Berlin-Kreuzberg: Baumhaus an der Mauer soll Museum werden

Osman Kalin, Gründer des Baumhauses am Bethaniendamm, ist gestorben. Sein Sohn möchte jetzt Touristen durch die Hütte führen.

Die Berliner Mauer hat die türkisch-deutsche Familie Kalin weltweit bekannt gemacht, jetzt soll ihre Geschichte in einem Museum gezeigt werden. Das Museumsgebäude gibt es schon: Das aus Sperrmüll und Baustellenresten zusammengezimmerte Baumhaus auf dem ehemaligen Grenzstreifen zwischen Mitte und Kreuzberg. Bis das Haus für Touristen geöffnet werden kann, werde allerdings noch einige Zeit vergehen, erklärte Mehmet Kalin, der Anfang der 1980er Jahre zusammen mit seinem Vater Osman die ersten Bretterwände gezimmert hat. „Das muss vom Senat noch genehmigt werden.“

Mehmet Kalin kann sich gut vorstellen, seinen Job als Straßenbauer gegen den eines Museumsleiters einzutauschen, am Haus könnte man Postkarten mit alten Fotos und Getränke verkaufen, oder auf dem ehemaligen Mauerstreifen selbst gezüchtetes Gemüse. Das Geschäft mit der Berliner Mauer ist ein Selbstläufer. Inhalt des Museums wären vor allem die Geschichten, die Kalin erzählen kann.

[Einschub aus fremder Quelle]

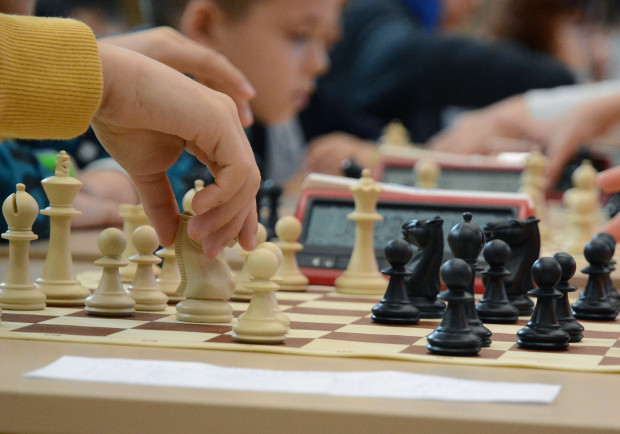Кметът Коцев пожела шах и мат и отбеляза: Рекорден брой деца от Варна ще премерят сили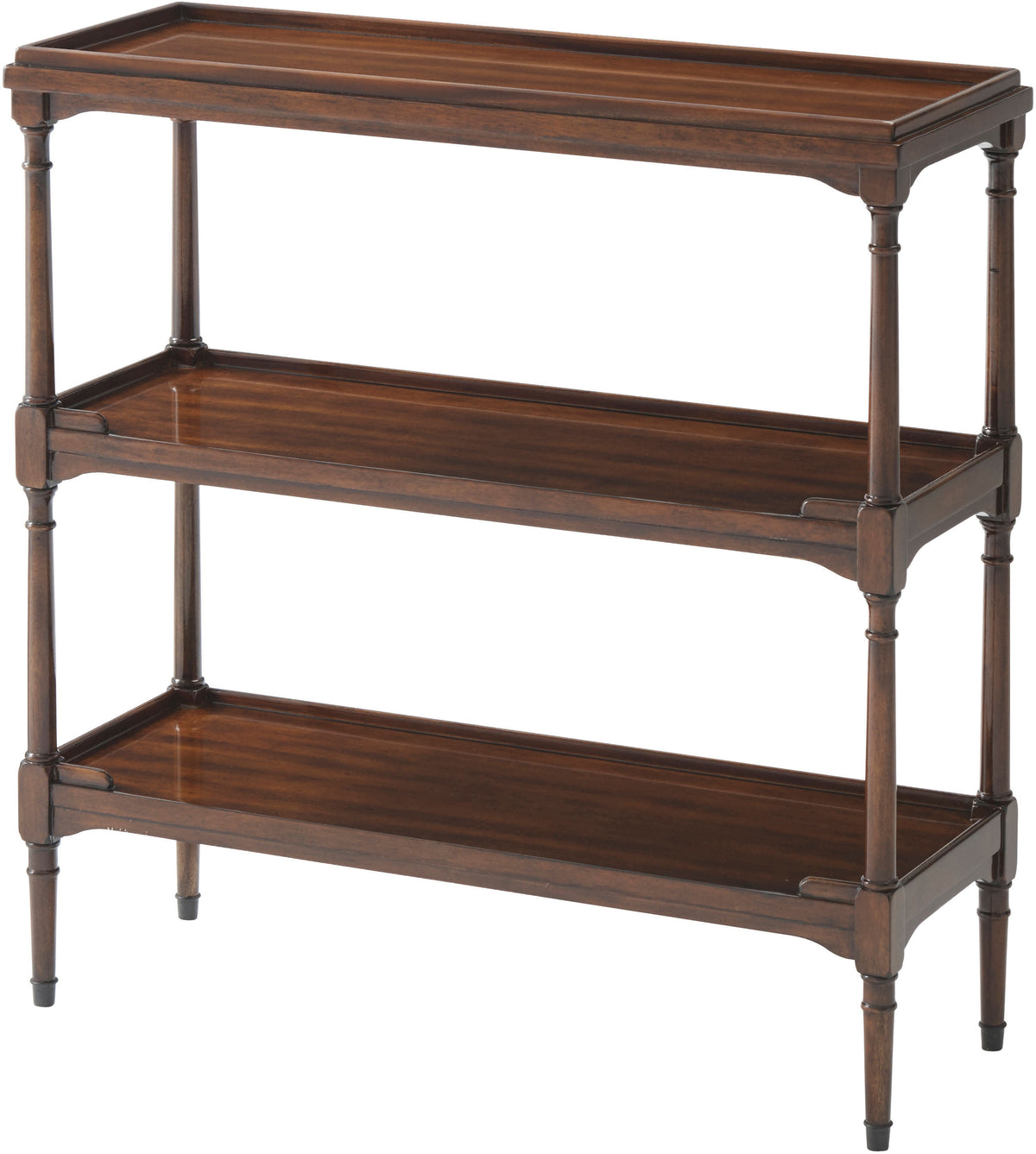 In Butler's Pantry Side Table | Theodore Alexander | Sutter & Vale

Bisher gibt es nur diese Info-Tafel am Baumhaus.

© Thilo Rückeis

Das Baumhaus entstand, weil Osman Kalin eine Beschäftigung für den Ruhestand suchte. Sein Blick aus dem Fenster seiner Wohnung am Kreuzberger Bethaniendamm fiel auf einen kleinen, vernachlässigten Winkel an der Mauer. Dort wucherte Unkraut über Schutt und Müll. Osman Kalin entschied, hier Zwiebeln und Knoblauch anzubauen, und niemand hinderte ihn daran. Dass sein Gemüse auf dem Territorium der DDR gedieh, weil die Mauerlinie nicht genau der Grenze folgte, ahnte er nicht.

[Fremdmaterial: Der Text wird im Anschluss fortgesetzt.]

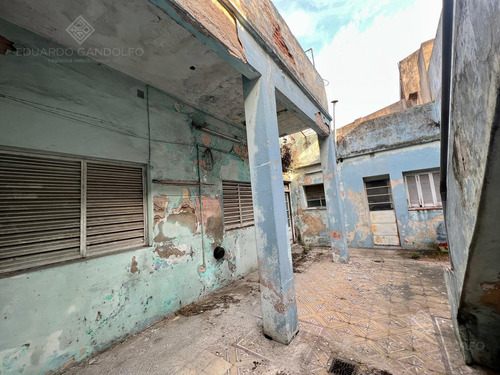 2 Deptos A Reciclar C/posibilidad De Anexar Lote C/salida Por Derqui - Oportunidad!!
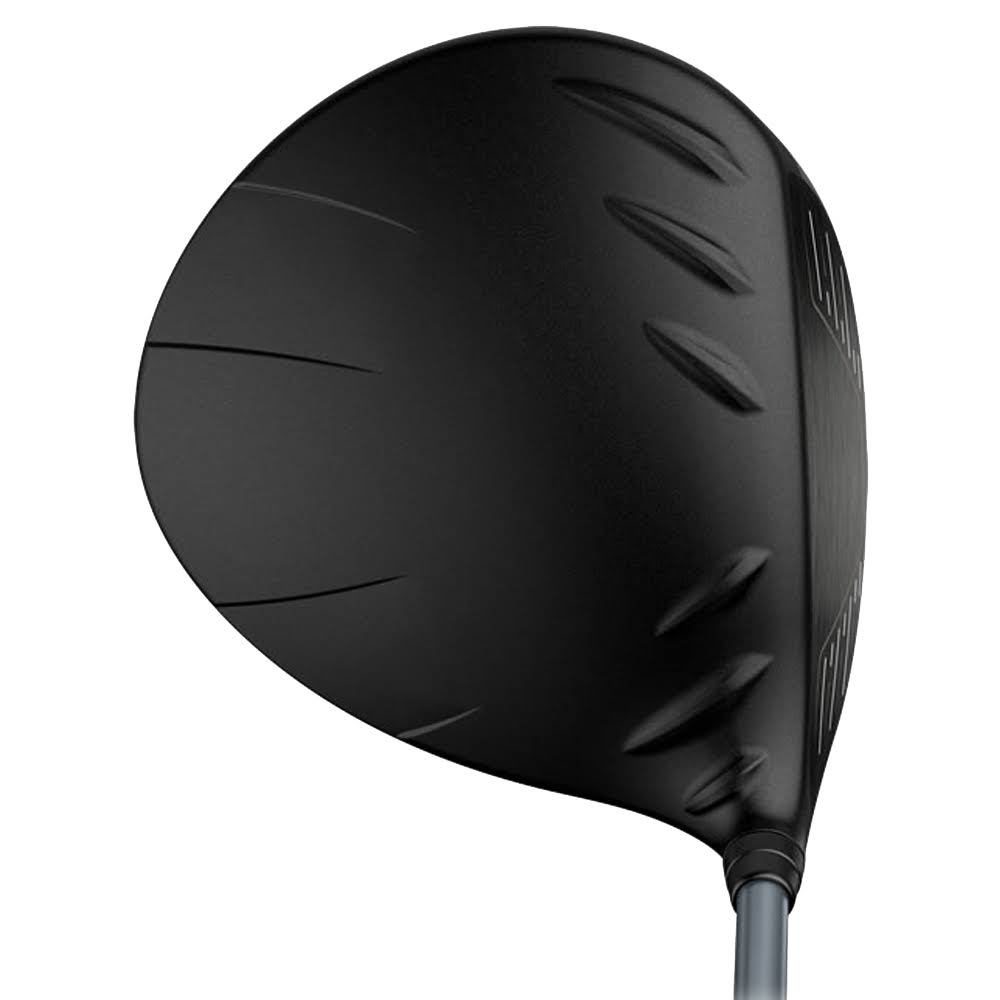 Left Stiff 9 Driver O452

Der Kreuzberger Mehmet Kalin (rechts) mit seinem Nachbarn von Gegenüber aus Mitte, Rudolf Konschak. Das Foto entstand 2010.

© Mike Wolff

Eines Tages kamen Grenzsoldaten durch eine Mauerluke, um die Besitzverhältnisse zu klären und zu kontrollieren, dass nicht heimlich an einem Fluchttunnel gegraben wird. Man freundete sich an und tauschte Geschenke aus. Als die Mauer verschwand, blieb Osmans Garten übrig und wurde zum Medienereignis. Inzwischen gehöre das Grundstück – laut Wikipedia 350 Quadratmeter groß, ehemals eine begrünte Verkehrsinsel – seiner Familie, erzählt Kalin. Sein Vater Osman sei im April gestorben, jetzt kümmern sich seine sechs Kinder um das Baumhaus, das eigentlich nur eine Bretterbude ist, die sich an einen Baum lehnt.

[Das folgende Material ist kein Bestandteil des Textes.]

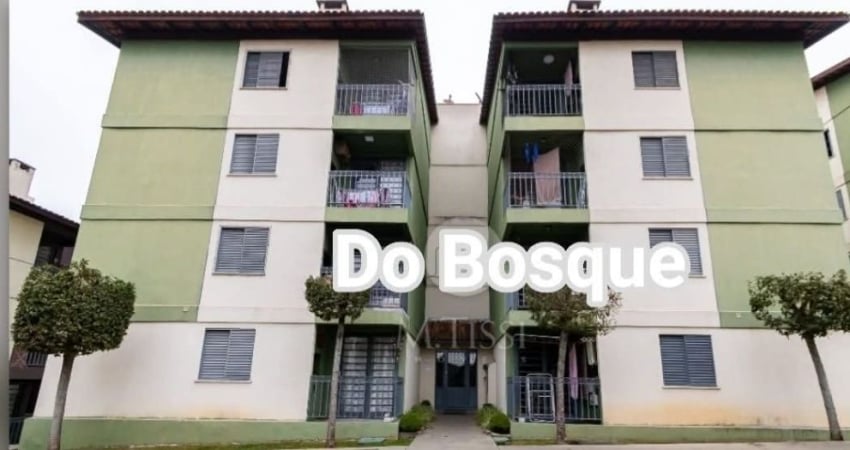Ótimo apto reformado, 2 qtos 1 WC, Sacada com churrasqueira, garagem
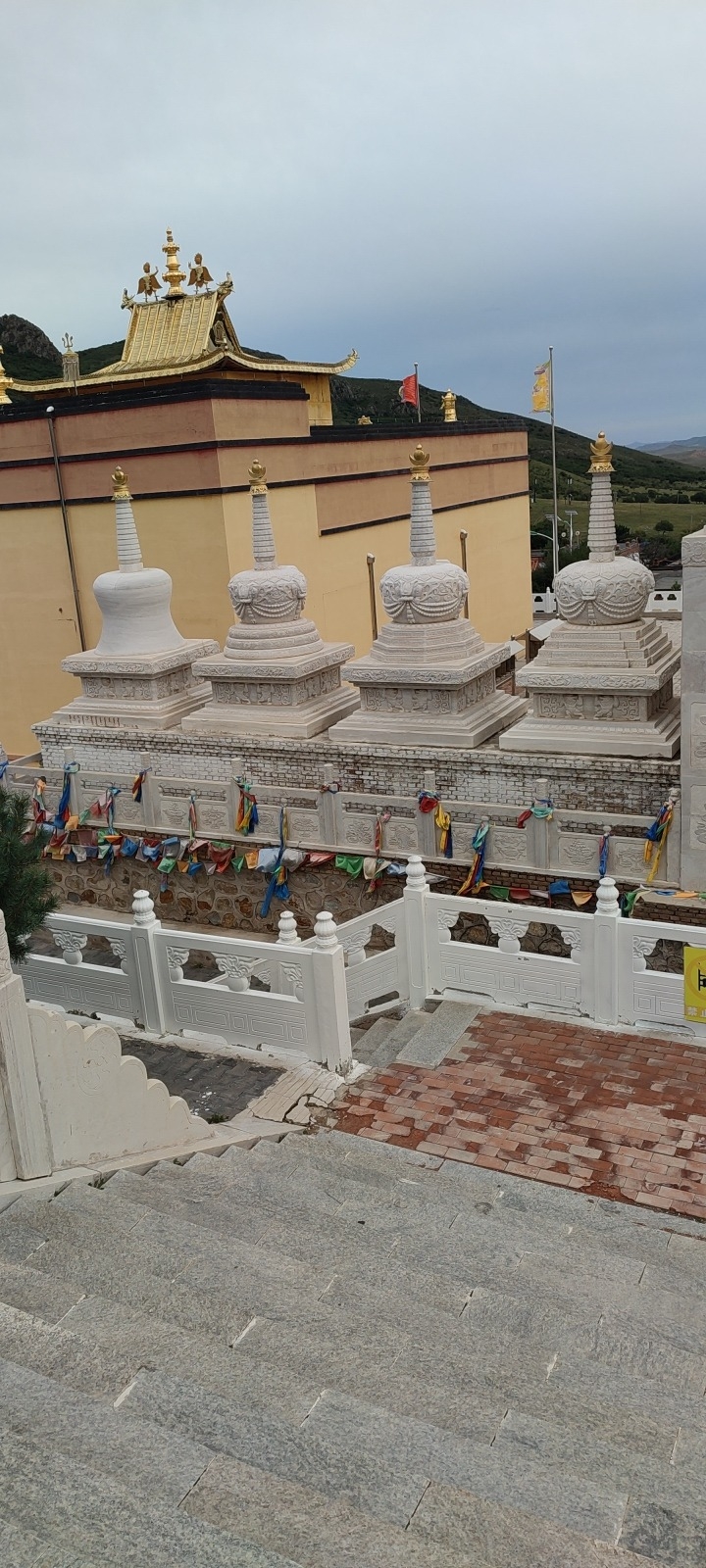 根培庙旅行图片 2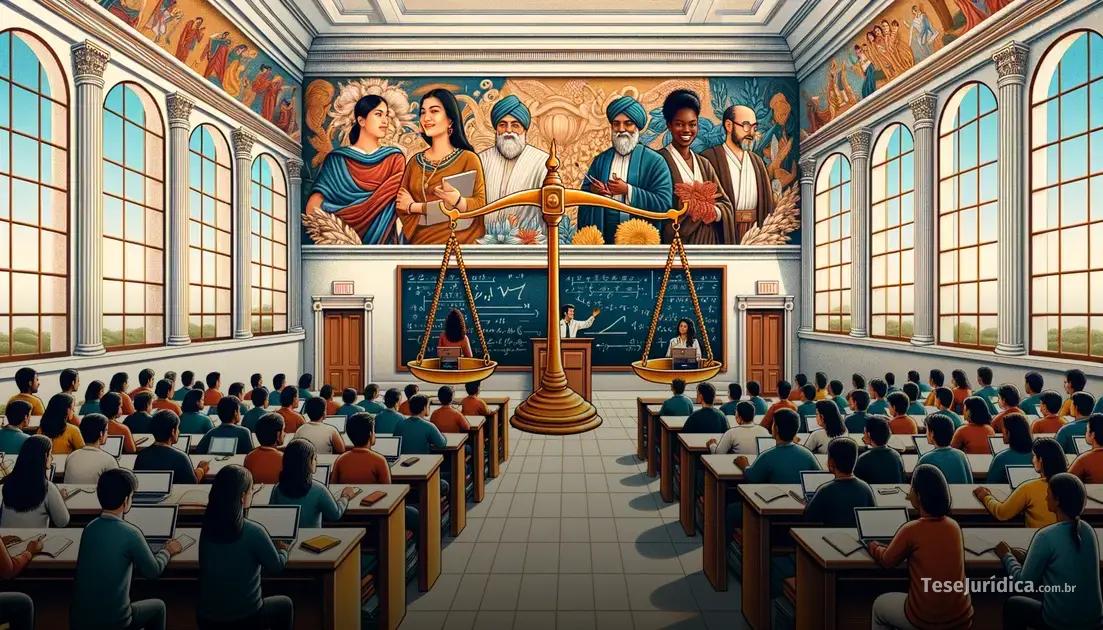 Ministrar a Mesma Disciplina em Faculdades: Salários Iguais?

Mit der Statik dürfte es Probleme geben

Das ist auch das Hauptproblem vor einer Museumsgründung. Kein Statiker hat dem geduldeten Schwarzbau jemals eine Prüfplakette verliehen. Bevor Kalin Touristen durch sein Refugium schleusen darf, wären wohl erhebliche Umbauten nötig. Verkaufen an einen Immobilienhai werde er jedenfalls nicht, versichert er. Das würde auch einen mittleren Proteststurm in Kreuzberg auslösen.

Das Baumhaus gehörte nach der Wende zum Bezirk Mitte, aber mental eigentlich nach Kreuzberg, hatte der frühere Bezirksbürgermeister Franz Schulz (Grüne) erklärt. Der Pfarrer der benachbarte Thomas-Kirche und viele Kreuzberger Initiativen hatten sich für ein Bleiberecht der Hütte stark gemacht, während der Bezirk Mitte das Grundstück eigentlich räumen lassen wollte. 2004 wurde eine Gebietsübertragung vereinbart, ganz nach dem Vorbild der Ost-West-Tauschgeschäfte vor der Wende, laut Wikipedia wurde die Abtretung nach Kreuzberg aber nie vollzogen.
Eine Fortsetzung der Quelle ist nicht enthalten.